Katherine vividly recalled, when she had announced her intention to study law, what a raising of hands there was, what a loud regretting that she had not a mother. But since she had not settled in Westville, and since she had not been actively practising in New York, the town had become partially reconciled. But this step of hers was new, without a precedent. How would Westville take it?

Her brain burned with this and other matters all afternoon, all evening, and till the dawn began to edge in and crowd the shadows from her room. But when she met her father at the breakfast table her face was fresh and smiling.

“Well, how is my client this morning?” she asked gaily. “Do you realize, daddy, that you are my first really, truly client?”

“And I suppose you’ll be charging me something outrageous as a fee!”

“Something like this” – kissing him on the ear. “But how do you feel?”

“Certain that my lawyer will win my case.” He smiled. “And how are you?”

“Brimful of ideas.”

“Yes? About the – ”

“Yes. And about you. First, answer a few of your counsel’s questions. Have you been doing much at your scientific work of late?”

“The last two months, since the water-works has been practically completed, I have spent almost my whole time at it.”

“And your work was interesting?”

“Very. You see, I think I am on the verge of discovering that the typhoid bacillus – ”
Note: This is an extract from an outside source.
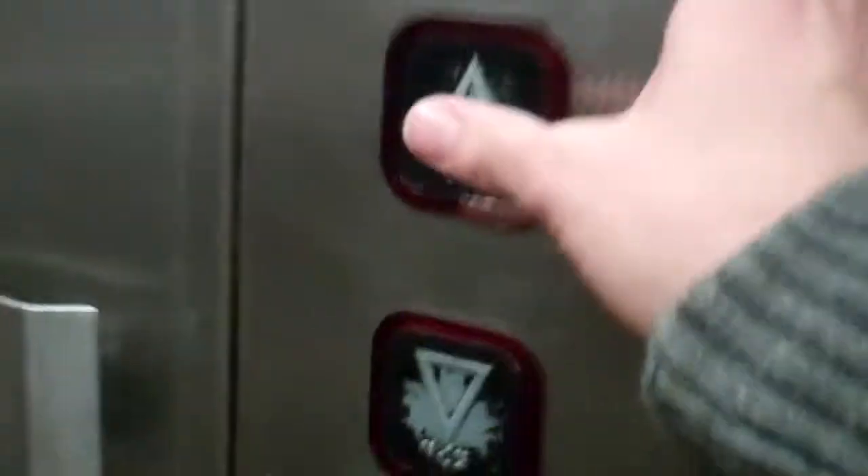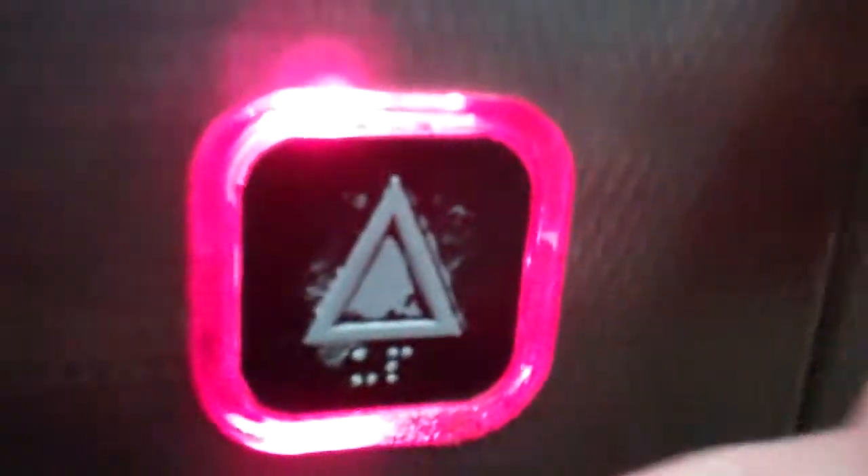This is the lift at Watford Junction, platforms 9 to 10. It's a Cosworld lift. Going up to the platform — the door is closed so I'll push the button.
“You’ll tell me all about that later. Now the first order of your attorney is, just as soon as you have finished your coffee and folded your napkin, back you go to your laboratory.”

“But, Katherine, with this affair – ”

“This affair, worry and all, has been shifted off upon your eminent counsel. Work will keep you from worry, so back you go to your darling germs.”

“You’re mighty good, dear, but – ”

“No argument! You’ve got to do just what your lawyer tells you. And now,” she added “as I may have to be seeing a lot of people, and as having people about the house may interrupt your work, I’m going to take an office.”

He stared at her.

“Take an office?”

“Yes. Who knows – I may pick up a few other cases. If I do, I know who can use the money.”

“But open an office in Westville! Why, the people – Won’t it be a little more unpleasant – ” He paused doubtfully. “Did you see what the Express had to say about you?”

She flushed, but smiled sweetly.

“What the Express said is one reason why I’m going to open an office.”

“Yes?”

“I’m not going to let fear of that Mr. Bruce dictate my life. And since I’m going to be a lawyer, I’m going to be the whole thing. And what’s more, I’m going to act as though I were doing the most ordinary thing in the world. And if Mr. Bruce and the town want to talk, why, we’ll just let ’em talk!”

“But – but – aren’t you afraid?”

“Of course I’m afraid,” she answered promptly. “But when I realize that I’m afraid to do a thing, I’m certain that that is just exactly the thing for me to do. Oh, don’t look so worried, dear” – she leaned across and kissed him – “for I’m going to be the perfectest, properest, politest lady that ever scuttled a convention. And nothing is going to happen to me – nothing at all.”

Breakfast finished, Katherine despotically led her father up to his laboratory. A little later she set out for downtown, looking very fresh in a blue summer dress that had the rare qualities of simplicity and grace. Her colour was perhaps a little warmer than was usual, but she walked along beneath the maples with tranquil mien, seemingly unconscious of some people she passed, giving others a clear, direct glance, smiling and speaking to friends and acquaintances in her most easy manner.